Severely injured people should not be forced to gamble compensation for life-changing injuries, lawyers warn in response to a Department of Justice (DoJ) consultation on how payments are calculated.
“The people affected by this consultation have life-long and life-changing injuries, which they would not have suffered were it not for negligence, said Maurece Hutchinson, Belfast-based Northern Ireland representative of the Association of Personal Injury Lawyers (APIL) They are compensated to pay for their care, specialist equipment, and living costs. They cannot simply earn their own money as they did before they were injured - in most cases the compensation is all the support they will ever have for the rest of their lives.
“The DoJ is consulting on whether compensation should be calculated in such a way that injured people will have to take risks when investing their compensation to ensure it will stretch for the rest of their lives,” Ms Hutchinson explained.

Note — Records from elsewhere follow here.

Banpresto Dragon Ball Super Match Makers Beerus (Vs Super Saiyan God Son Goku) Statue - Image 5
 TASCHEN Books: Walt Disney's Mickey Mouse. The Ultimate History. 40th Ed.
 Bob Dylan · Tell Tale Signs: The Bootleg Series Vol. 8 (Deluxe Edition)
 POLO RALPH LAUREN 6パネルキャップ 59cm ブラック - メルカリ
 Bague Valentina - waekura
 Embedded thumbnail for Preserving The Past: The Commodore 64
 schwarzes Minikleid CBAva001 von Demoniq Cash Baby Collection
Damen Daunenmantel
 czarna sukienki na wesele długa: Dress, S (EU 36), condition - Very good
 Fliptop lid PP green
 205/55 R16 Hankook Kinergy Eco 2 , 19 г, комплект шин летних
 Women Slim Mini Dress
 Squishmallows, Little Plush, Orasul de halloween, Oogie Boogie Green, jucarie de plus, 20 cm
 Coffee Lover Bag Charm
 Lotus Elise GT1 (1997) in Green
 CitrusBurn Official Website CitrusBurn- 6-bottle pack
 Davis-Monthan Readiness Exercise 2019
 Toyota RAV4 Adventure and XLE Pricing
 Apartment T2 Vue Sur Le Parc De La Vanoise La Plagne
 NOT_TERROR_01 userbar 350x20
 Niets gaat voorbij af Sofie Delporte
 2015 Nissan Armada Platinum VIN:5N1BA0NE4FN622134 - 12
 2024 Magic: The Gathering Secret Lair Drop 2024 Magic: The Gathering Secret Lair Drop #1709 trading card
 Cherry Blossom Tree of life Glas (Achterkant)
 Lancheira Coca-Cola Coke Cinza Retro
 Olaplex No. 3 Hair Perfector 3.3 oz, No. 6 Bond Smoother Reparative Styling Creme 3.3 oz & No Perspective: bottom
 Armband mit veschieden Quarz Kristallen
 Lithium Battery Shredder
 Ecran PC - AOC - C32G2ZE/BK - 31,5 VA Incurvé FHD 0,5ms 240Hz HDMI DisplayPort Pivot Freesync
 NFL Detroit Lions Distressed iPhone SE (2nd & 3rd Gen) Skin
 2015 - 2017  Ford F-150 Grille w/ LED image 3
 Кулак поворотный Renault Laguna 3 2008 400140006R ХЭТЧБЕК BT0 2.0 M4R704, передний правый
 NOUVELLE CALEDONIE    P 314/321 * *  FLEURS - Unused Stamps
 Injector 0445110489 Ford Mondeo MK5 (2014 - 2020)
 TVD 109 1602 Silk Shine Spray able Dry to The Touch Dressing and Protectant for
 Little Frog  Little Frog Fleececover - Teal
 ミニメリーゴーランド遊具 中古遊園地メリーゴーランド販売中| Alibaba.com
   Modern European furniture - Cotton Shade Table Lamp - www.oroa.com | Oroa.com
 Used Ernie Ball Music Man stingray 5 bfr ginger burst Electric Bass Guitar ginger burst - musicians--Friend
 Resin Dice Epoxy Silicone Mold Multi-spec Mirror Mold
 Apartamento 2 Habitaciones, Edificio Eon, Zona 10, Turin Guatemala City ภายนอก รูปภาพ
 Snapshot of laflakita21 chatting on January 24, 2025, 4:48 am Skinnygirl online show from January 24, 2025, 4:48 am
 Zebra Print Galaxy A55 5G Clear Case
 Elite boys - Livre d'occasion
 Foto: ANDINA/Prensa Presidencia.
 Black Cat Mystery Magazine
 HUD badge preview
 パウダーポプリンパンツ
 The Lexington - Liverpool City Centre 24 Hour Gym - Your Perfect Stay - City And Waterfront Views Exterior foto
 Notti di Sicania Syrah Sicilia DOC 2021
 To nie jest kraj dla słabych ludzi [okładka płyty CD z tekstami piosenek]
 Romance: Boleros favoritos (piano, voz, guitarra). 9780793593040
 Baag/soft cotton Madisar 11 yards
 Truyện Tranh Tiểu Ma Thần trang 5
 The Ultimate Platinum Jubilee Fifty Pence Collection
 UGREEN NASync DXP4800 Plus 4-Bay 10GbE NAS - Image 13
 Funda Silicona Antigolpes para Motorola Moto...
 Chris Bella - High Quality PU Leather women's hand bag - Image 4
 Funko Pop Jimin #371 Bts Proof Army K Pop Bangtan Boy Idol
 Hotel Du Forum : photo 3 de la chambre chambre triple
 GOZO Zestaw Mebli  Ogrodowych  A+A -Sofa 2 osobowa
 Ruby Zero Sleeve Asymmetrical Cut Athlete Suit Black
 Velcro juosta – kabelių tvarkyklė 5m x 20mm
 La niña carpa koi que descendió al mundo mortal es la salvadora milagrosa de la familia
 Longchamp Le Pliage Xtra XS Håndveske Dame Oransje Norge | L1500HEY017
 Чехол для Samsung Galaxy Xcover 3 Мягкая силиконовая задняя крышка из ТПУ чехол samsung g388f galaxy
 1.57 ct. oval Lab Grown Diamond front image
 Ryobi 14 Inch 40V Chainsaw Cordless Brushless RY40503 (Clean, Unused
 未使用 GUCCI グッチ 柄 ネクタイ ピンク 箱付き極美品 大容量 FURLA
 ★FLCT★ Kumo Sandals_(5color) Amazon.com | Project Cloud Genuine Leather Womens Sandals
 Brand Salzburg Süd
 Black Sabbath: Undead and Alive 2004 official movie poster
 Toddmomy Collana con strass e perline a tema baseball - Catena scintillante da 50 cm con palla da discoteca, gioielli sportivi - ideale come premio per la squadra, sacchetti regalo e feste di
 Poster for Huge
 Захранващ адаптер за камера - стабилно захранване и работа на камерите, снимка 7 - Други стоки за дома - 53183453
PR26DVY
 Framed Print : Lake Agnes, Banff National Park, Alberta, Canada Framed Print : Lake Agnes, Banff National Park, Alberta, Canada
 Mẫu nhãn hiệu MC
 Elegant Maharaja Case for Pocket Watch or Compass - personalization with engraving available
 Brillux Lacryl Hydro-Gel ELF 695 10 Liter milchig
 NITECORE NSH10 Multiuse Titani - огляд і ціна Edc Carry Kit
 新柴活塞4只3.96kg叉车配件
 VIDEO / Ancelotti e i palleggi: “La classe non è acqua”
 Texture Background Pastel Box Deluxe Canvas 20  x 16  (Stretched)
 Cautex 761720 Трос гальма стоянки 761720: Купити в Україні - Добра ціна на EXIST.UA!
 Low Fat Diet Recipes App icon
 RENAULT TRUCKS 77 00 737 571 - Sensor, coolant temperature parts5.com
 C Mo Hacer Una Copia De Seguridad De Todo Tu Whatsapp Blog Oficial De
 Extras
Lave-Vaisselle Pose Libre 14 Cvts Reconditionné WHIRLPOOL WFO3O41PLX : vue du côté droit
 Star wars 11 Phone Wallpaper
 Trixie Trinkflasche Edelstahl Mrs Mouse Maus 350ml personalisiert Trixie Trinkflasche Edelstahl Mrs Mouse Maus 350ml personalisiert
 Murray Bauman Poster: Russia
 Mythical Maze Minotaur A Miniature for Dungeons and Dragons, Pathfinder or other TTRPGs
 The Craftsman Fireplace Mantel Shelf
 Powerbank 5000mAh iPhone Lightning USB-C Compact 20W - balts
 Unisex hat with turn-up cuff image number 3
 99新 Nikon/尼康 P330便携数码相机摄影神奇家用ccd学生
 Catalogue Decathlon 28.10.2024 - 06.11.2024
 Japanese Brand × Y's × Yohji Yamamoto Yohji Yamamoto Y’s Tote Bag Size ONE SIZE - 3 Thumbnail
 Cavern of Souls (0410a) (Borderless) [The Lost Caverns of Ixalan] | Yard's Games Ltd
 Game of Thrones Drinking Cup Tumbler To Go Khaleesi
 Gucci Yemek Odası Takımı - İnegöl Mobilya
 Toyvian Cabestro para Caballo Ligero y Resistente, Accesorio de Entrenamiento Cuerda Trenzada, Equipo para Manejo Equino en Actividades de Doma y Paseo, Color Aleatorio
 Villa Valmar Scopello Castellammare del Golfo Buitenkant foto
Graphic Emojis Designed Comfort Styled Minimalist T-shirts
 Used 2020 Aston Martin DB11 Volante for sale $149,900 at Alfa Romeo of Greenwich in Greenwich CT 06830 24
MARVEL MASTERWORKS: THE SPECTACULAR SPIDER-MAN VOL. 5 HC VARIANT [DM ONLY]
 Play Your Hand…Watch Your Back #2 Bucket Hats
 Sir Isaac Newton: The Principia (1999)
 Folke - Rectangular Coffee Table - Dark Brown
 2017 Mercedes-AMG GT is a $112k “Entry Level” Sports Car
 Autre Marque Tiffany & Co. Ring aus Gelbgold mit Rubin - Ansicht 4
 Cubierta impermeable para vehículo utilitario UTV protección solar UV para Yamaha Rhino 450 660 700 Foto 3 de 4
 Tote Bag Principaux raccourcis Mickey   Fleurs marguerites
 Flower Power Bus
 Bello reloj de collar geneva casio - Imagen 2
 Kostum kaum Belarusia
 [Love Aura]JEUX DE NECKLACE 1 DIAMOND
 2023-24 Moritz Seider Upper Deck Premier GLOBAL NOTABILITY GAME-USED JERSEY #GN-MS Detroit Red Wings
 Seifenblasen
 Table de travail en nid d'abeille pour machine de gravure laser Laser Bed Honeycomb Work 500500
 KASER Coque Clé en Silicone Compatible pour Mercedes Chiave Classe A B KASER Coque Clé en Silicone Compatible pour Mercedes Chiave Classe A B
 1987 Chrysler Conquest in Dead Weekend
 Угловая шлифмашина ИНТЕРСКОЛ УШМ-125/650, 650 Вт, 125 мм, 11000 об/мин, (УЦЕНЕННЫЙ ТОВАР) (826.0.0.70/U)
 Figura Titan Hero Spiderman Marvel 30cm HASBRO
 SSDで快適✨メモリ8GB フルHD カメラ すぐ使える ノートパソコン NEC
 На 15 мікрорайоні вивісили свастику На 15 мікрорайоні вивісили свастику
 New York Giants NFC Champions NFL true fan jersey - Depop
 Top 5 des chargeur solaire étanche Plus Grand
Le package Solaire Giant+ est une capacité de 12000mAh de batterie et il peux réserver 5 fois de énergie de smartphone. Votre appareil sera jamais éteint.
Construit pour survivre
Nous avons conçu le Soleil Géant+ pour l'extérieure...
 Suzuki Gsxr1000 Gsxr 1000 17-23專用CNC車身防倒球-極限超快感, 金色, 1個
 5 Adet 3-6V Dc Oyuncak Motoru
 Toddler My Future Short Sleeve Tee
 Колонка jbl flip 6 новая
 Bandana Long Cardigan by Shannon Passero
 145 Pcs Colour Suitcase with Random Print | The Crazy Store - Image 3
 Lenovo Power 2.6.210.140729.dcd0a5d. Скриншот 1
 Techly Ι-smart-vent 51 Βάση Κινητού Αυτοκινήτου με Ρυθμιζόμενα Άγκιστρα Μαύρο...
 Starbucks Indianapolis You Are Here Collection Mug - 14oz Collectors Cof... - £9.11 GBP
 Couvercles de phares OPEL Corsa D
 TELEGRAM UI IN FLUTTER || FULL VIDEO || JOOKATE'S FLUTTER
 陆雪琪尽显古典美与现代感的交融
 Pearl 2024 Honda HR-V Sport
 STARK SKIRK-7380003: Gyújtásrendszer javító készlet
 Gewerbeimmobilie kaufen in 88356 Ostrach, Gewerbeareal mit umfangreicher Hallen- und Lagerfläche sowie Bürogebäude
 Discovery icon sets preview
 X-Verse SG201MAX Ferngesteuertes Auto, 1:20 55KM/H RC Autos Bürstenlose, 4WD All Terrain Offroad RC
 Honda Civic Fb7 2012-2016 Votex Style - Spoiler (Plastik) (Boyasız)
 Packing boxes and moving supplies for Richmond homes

“If they don’t take that investment risk, they will have to fall back on the State to pay for their needs when the money runs out. This goes against the basic principles of compensation. It is supposed to meet an injured person’s needs after serious injury which was inflicted upon them by someone else’s negligence. The State should not have to pick up the bill,” she went on.
“Injured people should not be forced to take risks and gamble their compensation in a bid to get by. Catastrophically injured people are vulnerable and fearful for their futures. There has been much debate about whether injured people should shoulder some risk with their investments. They are averse to taking risks with this very important money and should be allowed to invest without taking risks at all,” Ms Hutchinson added.